While Homer believed so, archeologists’ opinions are divided on the subject. No written evidence survives from the Mycenaeans mentioning a Trojan War. We do know that Mycenaeans had contact with Troy, and a Mycenaean cemetery has been excavated on the coast near the settlement; however, the men buried were likely sailors, not soldiers.
Troy VII was indeed besieged and burnt, as arrowheads and charred human remains found on the site testify, but the identity of the attackers is unknown. Our best evidence comes from another source: the Hittites, a civilisation of Asia Minor of which Troy was probably a vassal state.

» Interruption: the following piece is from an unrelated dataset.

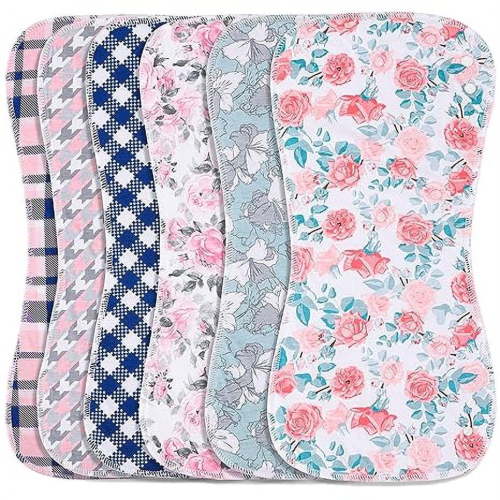 Baby Burp Cloths & Baby Bibs 2-in-1 Design Large Size 3 Layers Thicken 100% Cotton Super Absorbent and Soft Baby Spit Up Burping Rags Baby Burp Cloth Set for Girls 6 Pack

Letters dating to the late Bronze Age describe a conflict over “Wilusa”, a city in north-eastern Asia Minor, with a people named “Ahhiyawa”. Wilusa has been identified with Troy, also known as Ilios or Ilium; but besides the phonetic similarities between Ahhiyawa and Achaeans (the name Homer gives to the Greek peoples), and the fact that they came over the sea from the East, there is little evidence pointing to these people being Mycenaeans.
So was a war fought at Troy? Yes. Were the attackers from Greece? Possibly – but definite proof is yet to be found.
Question 3: did Akhilleus, Hektor, Paris and Agamemnon exist?
Without clear evidence, it’s almost impossible to determine whether a certain figure is historical or mythical. Take Jesus, for example – people have trouble agreeing how much of his life as described by the Bible is factual, and his timeframe was only 2000 years ago.
But to get back to the Trojan heroes, we do have some clues. The most conclusive is probably a treaty between a Hittite king and a king of Wilusa named Alaksandu; another name for Paris, prince of Troy, was Alexander. However, this Alaksandu lived almost a century before the Trojan War, so if Paris did exist, they were probably not the same person. Similarly, there is evidence of a ruler of Ahhiyawa called Akagamunas, a name similar to Agamemnon, but like Alaksandu, he lived a century before his people attacked Troy.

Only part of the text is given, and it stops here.